David Tarantino: Makes sense. Thank you.

Operator: Thank you. Our next question comes from Jeffrey Bernstein with Barclays.

Jeffrey Bernstein: Great. Thank you very much. Two questions. The first one, just on the implied fourth quarter earnings guidance, looks like that’s growth of maybe 8% to 15%. I know last quarter, you talked about maybe the third quarter and the fourth quarter should be pretty even in terms of growth both quarters. The third quarter grew 21%. So, it just looks like you’re maybe tempering the earnings growth algo for the fourth quarter relative to the third. Just wondering whether you view that as conservatism or perhaps it’s the modest uptick in inflation. Kind of how you think about the sequential trend from an earnings perspective in the fourth relative to the third quarter? And then, I had one follow-up.

Raj Vennam: Hey Jeff. It’s actually what you said. It’s the commodities inflation. We did — as we said last call, we thought Q4 was going to be flat, closer to flat. And then now that we’re saying that’s in the — solidly in the low single digits. So, when you kind of layer that in, that’s where the growth is a little bit less. But outside of — that’s really the primary dynamic that’s different.

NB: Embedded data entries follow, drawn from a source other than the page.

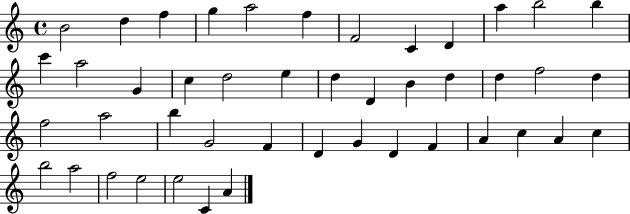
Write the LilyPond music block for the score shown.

{
  \clef treble
  \time 4/4
  \defaultTimeSignature
  \key c \major
  b'2 d''4 f''4 | g''4 a''2 f''4 | f'2 c'4 d'4 | a''4 b''2 b''4 | \break c'''4 a''2 g'4 | c''4 d''2 e''4 | d''4 d'4 b'4 d''4 | d''4 f''2 d''4 | \break f''2 a''2 | b''4 g'2 f'4 | d'4 g'4 d'4 f'4 | a'4 c''4 a'4 c''4 | \break b''2 a''2 | f''2 e''2 | e''2 c'4 a'4 | \bar "|."
}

Jeffrey Bernstein: Understood. And then just following up on the macro question with interest rates still on the rise. I’m just wondering how does that impact your business or how you manage it, if at all, in terms of new unit growth, which seems to still be stable or how you think about borrowings or whether you think it impacts consumer behavior, maybe any return of cash decisions? Like, how does that come into play, if at all, as you manage the business? Thank you.

Rick Cardenas: Yes. Jeff, this is Rick. The interest rates really aren’t making a huge impact in our business. We actually have a significant balance in cash. So, higher interest rates has actually given us a little bit more interest over time. You think about our new restaurant openings that we have seen inflation, as Raj mentioned. And so, we’re being prudent in looking at some of these deals and saying, you know what, we might wait just a little bit of time to see if we can get a second bid sometimes during this year, we’re only getting one bid for some of these sites. So we want to be prudent. But the interest rates really haven’t done anything for us. And if you think about the consumer, they’re still spending. We’ll see what happens when these credit card balances, which were at record highs in December, come due, but they’re still spending today.

So, so far, nothing in our space. As it pertains to return of cash, we have a very strong dividend as we announced it again today. We feel like that’s one way we return our cash to shareholders. We’ll talk about our capital returns coming up in June. But it hasn’t really changed our outlook and what we think about our long-term framework. So, if you go back to our framework and how we return cash to shareholders, we’ve got targets for our rough dividend as a percent of our earnings and how much we buy back in shares. This year, we’ve bought back somewhere in the $400-and-some-odd million and our share count target that we gave you would imply a little bit more in the fourth quarter. But we’ll talk more about our return on cash and our long-term framework in June.